Structural Effects of Cardiac Troponin T R92L and Tropomyosin D230N Mutants in the Cardiac Thin Filament

Introduction/Methods: Inherited mutations in cardiac thin filament proteins lead to changes in protein structure and dynamics. This results in the pathological tissue remodeling seen in patients with hypertrophic (HCM) and dilated (DCM) cardiomyopathies. Our group is interested in the alpha-Tm D230N mutation known to cause DCM and the cardiac troponin T (cTnT) mutation R92L which causes HCM. To investigate effects of these mutations on the tropomyosin (Tm) head-to-tail overlap we used Forster Resonance Energy Transfer (FRET). For both wild-type and mutants, Tm was labeled at site 271 with DDPM, cTnT was labeled with IAEDANS at site 100. Labeled cTnT was reconstituted into troponin complex (Tn) and combined with Tm along with actin to form the reconstituted thin filament.

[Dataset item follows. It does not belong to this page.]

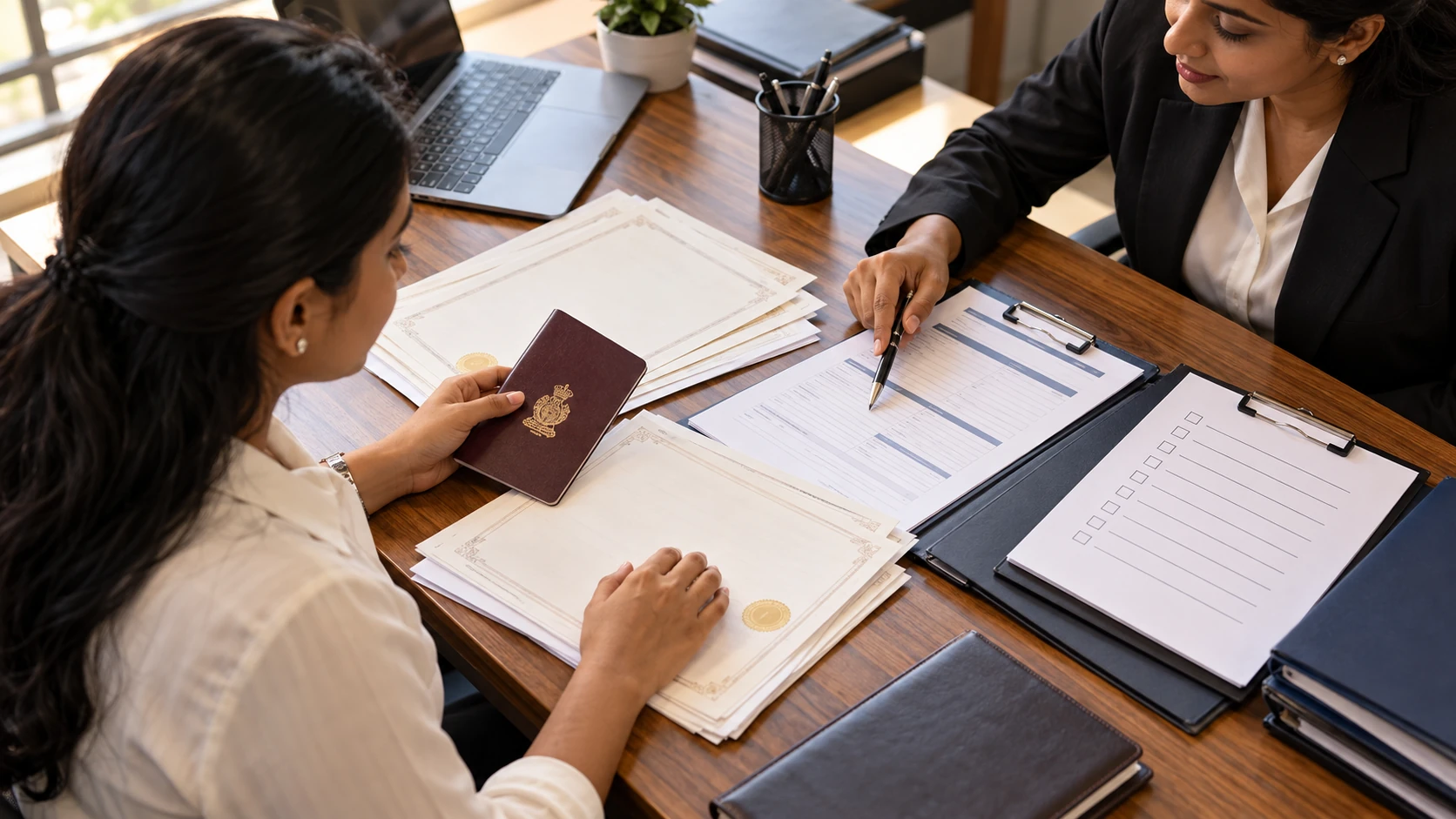 Candidate receiving guidance for overseas employment documents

Time-resolved data was acquired and analyzed.Results/Conclusions: Both R92L and D230N mutants result in a change in distance between labeled sites of cTnT and Tm when compared to wild-type. Transfer efficiency decreased from 0.78 to 0.66 upon addition of the D230N mutation, representing an increased distance between the labeled sites. However, the transfer efficiency increased from 0.78 to 0.80 in the presence of the R92L mutation, supporting a decreased distance between the labeled sites. This differential modulation of the distance may reflect alterations in the interaction between the cTnT and Tm proteins due to these mutations. This supports the hypothesis that these mutations which cause different clinical phenotypes are having opposite effects in the region of interest. Ongoing experiments utilizing site 60 of cTnT, and sites 262 and 279 of Tm will provide additional information about the similar and differential effects of these mutants on the Tm overlap region.